Pond Pool

I'd return that cal hypo to the pool store if possible considering we have no idea what your calcium hardness is. Stick with the great advice you've gotten here---we'll get you there. I'd take the advice of draining at least half the pool and refilling before your test kit arrives. Take a deep breath........familiarize yourself with the ABCs in Pool School till then.........small bites are easier to digest.
 
The well and pond are right next to each other but different sources. This area has a lot of iron with deep wells (avg well is 120'+) but we actually have a cistern water supply with a natural spring supplying the house. No major iron problems. I will call tomorrow to our local pool store (not where we bought it) about the iron test just to be sure. It's not really a red tint, if that matters.
 
I have to agree with the idea of draining some of that water out (half-ish at least) to get the Bromine out of there. Please keep in mind that pool stores are in the business of SELLING, not necessarily interested in the quality of your water.

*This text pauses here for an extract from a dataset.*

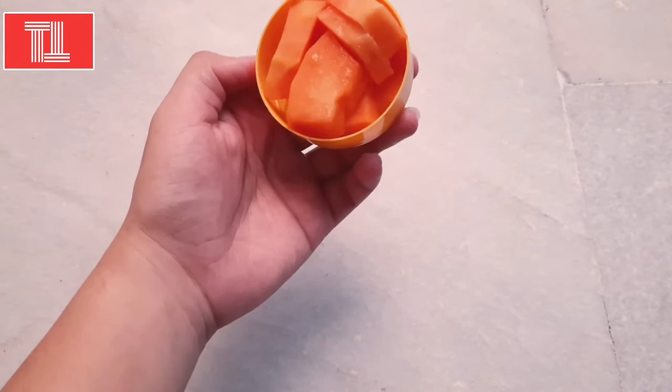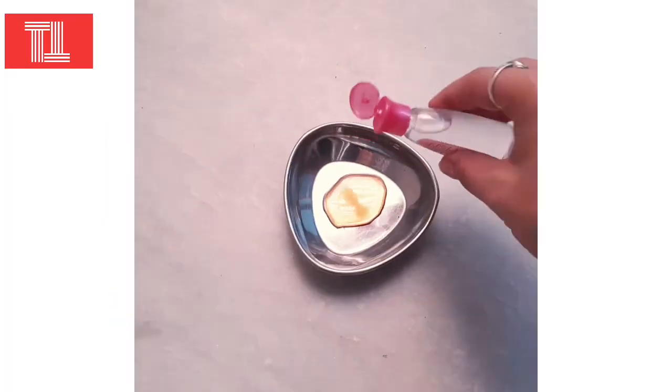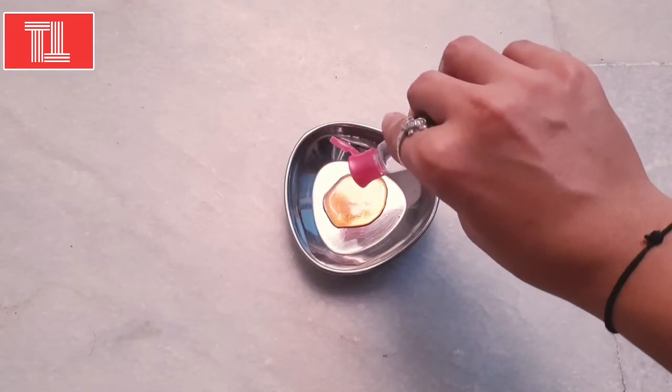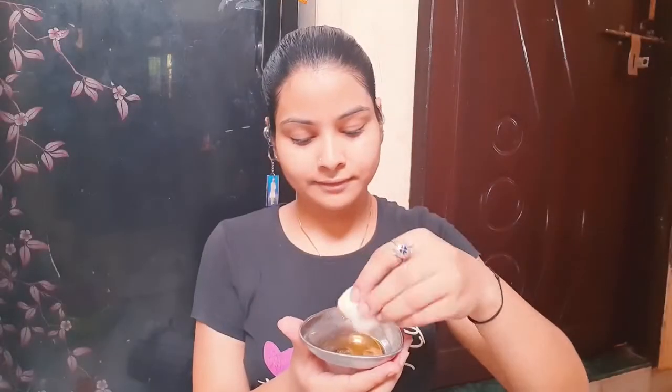First, mix all the ingredients well, then apply the cleanser to your face in a circular motion. This will make your skin look much fresher and more glowing. You can keep the rose water in the fridge, and you can store this cleanser for one to two days and use it daily.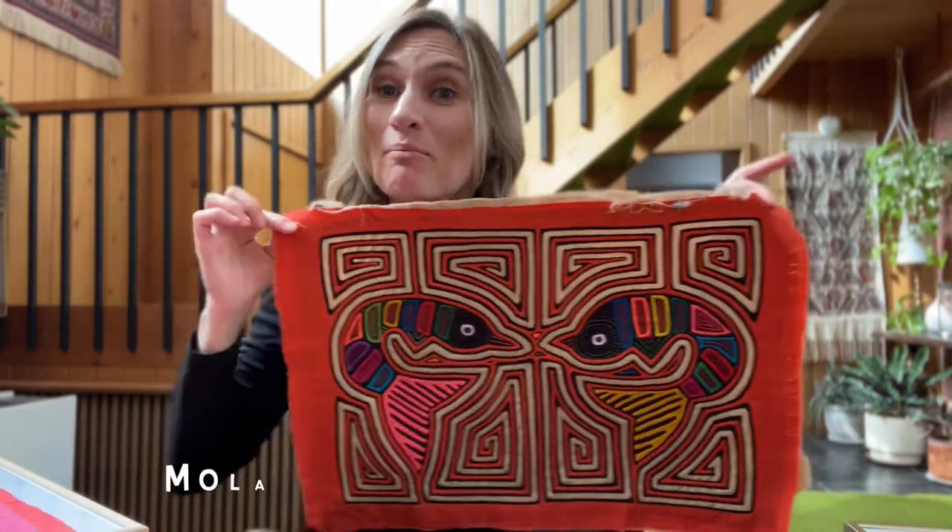Hi friends! Welcome back to my channel. Today I would love to talk to you about one of my favorite pieces of artwork to collect, and that would be the mola.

Save your chemicals for after a refill and test kit arrivesl


Maddie :flower:
 
While you're learning about the pitfalls of using the wrong chemicals, lets toss a very cool thing at you- a cheap, effective way of ridding your pool of iron!!

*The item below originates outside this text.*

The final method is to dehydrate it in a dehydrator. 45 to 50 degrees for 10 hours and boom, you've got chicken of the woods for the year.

Read this man's great explanation of how he cleared up his well water-
 
Ok. So he had me buy a box of shock (24 bags). I have 20 gal of bleach...for stand by I guess. Bought that prior to starting this. So I need to stop adding the shock? I'm telling y'all...I know nothing. He also told me not to vacuum or backwash until it was blue. My husband back washed today and it was nasty brown. I am so confused because I am hearing 3 different suggestions. I appreciate the replies .I can follow directions easily...but not when I have 2 or more completely different suggestions. It really upsets me that the pool place can't be trusted. Uuugghh
As long as the water is brown the backwash will be brown too.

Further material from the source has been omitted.